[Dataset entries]
Segment Open

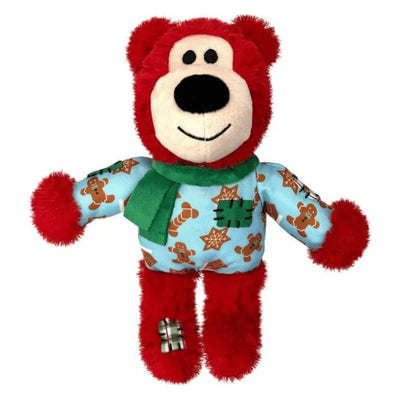 Kong Holiday Wild Knots Bear Dog Toy - Assorted Colours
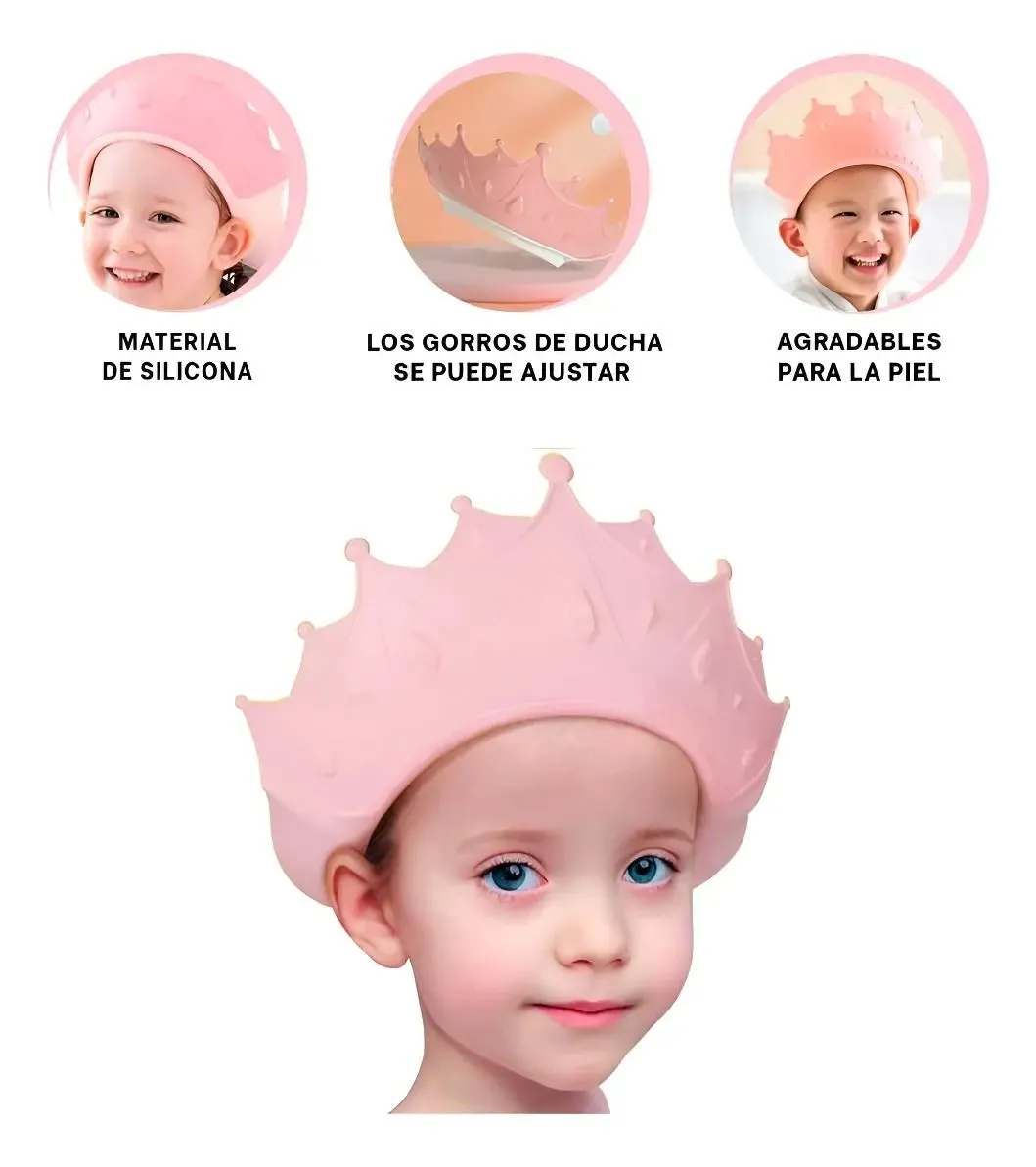 GORRO BAÑO DUCHA PARA BEBES AJUSTABLE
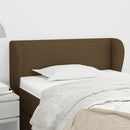 sengegavl med kanter 83x23x78/88 cm stof mørkebrun - xlshop.dk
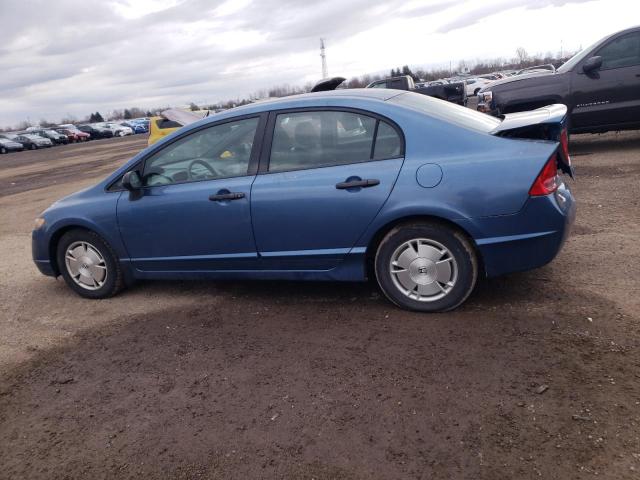 2HGFA16478H023453 - 2008 HONDA CIVIC DX-G BLUE photo 2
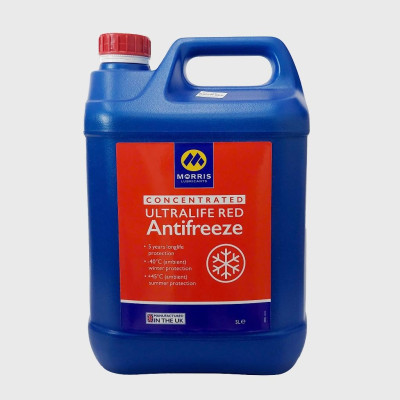 Nước Làm Mát Đỏ Cao Cấp Cho Động Cơ Xăng - Morris Lubricants Ultralife Red Longlife / Can 5L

Segment Closed

## [Exercise prompt]
The entries above are to be retyped exactly, with each picture left out.

## [Exercise output]
 Kong Holiday Wild Knots Bear Dog Toy - Assorted Colours
 GORRO BAÑO DUCHA PARA BEBES AJUSTABLE
 sengegavl med kanter 83x23x78/88 cm stof mørkebrun - xlshop.dk
 2HGFA16478H023453 - 2008 HONDA CIVIC DX-G BLUE photo 2
 Nước Làm Mát Đỏ Cao Cấp Cho Động Cơ Xăng - Morris Lubricants Ultralife Red Longlife / Can 5L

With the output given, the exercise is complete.